Making HPC Clusters More Efficient Using Intel® MPI Library Tuning

Getting Performance Gains without Code Changes

Procuring an HPC cluster demands careful performance and economic considerations. But it doesn’t stop there. Operating an HPC  cluster efficiently is equally important for environmental and economic reasons—and it’s a continuous process that lasts throughout the service life of a cluster.

There are many ways to improve cluster operating efficiency, but in this article we’ll limit our scope to reducing costs using the tuning utilities available in Intel® MPI Library.
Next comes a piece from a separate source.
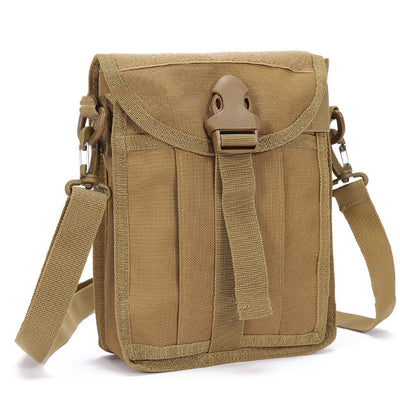 Mochila Táctica Diagonal Camuflaje Multifuncional para Aventuras - Image 3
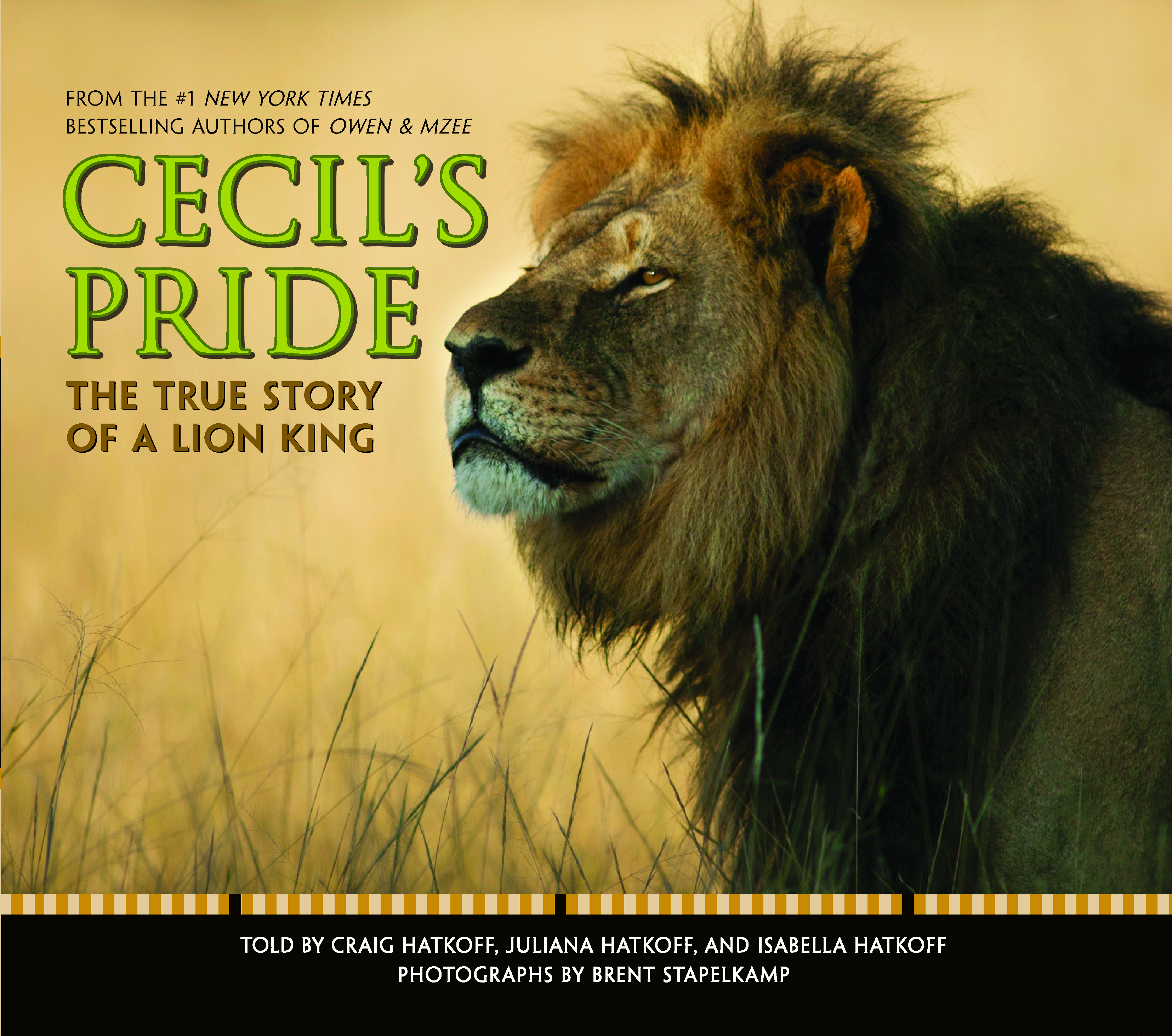Exclusive first look at new book and never-before-seen photos of Cecil ...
These utilities can help you tune your configurations to bring down the time to solution for MPI jobs on a cluster. They allow you to do cluster-wide and application-specific tuning. Plus, these utilities don’t require source code changes. They’re completely driven by the Intel MPI Library.

We’ll briefly describe four tuning utilities:

  • MPItune
  • Fast tuner
  • Autotuner
  • mpitune_fast

However, our focus will be on Autotuner and its benefits, including:

We plan to extend this study to real HPC applications in a future article.

Version Details

This article uses two Intel® software tools

  1. Intel MPI Library
  2. Intel VTune Profiler

Both of these tools are available as part of Intel® Parallel Studio XE and Intel® oneAPI toolkits (Table 1).

Table 1. Packaging details for the tools covered in this article

For this article, we used the Intel® oneAPI Base Toolkit and Intel® oneAPI HPC Toolkit. (The latest version at the time of publication is 2021.1.0 beta07.) The tuning utilities of interest here will be equally valid for Intel Parallel Studio XE users. We performed all tests in the Intel® oneAPI DevCloud, an Ethernet-based cluster running Intel® Xeon® Gold 6128 processors (dual socket, 12 cores per socket, HT enabled).

Tuning Utilities

The Intel MPI Library development team spends considerable effort on tuning to maintain best-in-class latencies and bandwidths while transferring messages within and across nodes. As a result, the out-ofbox tuning in Intel MPI Library is generally good, but there might be corner cases that can benefit from further tuning, e.g.:

  • Untested numbers of ranks (-n) and ranks per node (-ppn) combinations
  • Message sizes that are not powers of 2
  • New network topologies
  • Untested interconnects

In these cases, we can perform additional tuning to get better performance. Achieving even small performance gains without code  changes for the most time-consuming applications on a cluster, over its entire service life, represents significant cost savings, load reductions, and increased job throughput.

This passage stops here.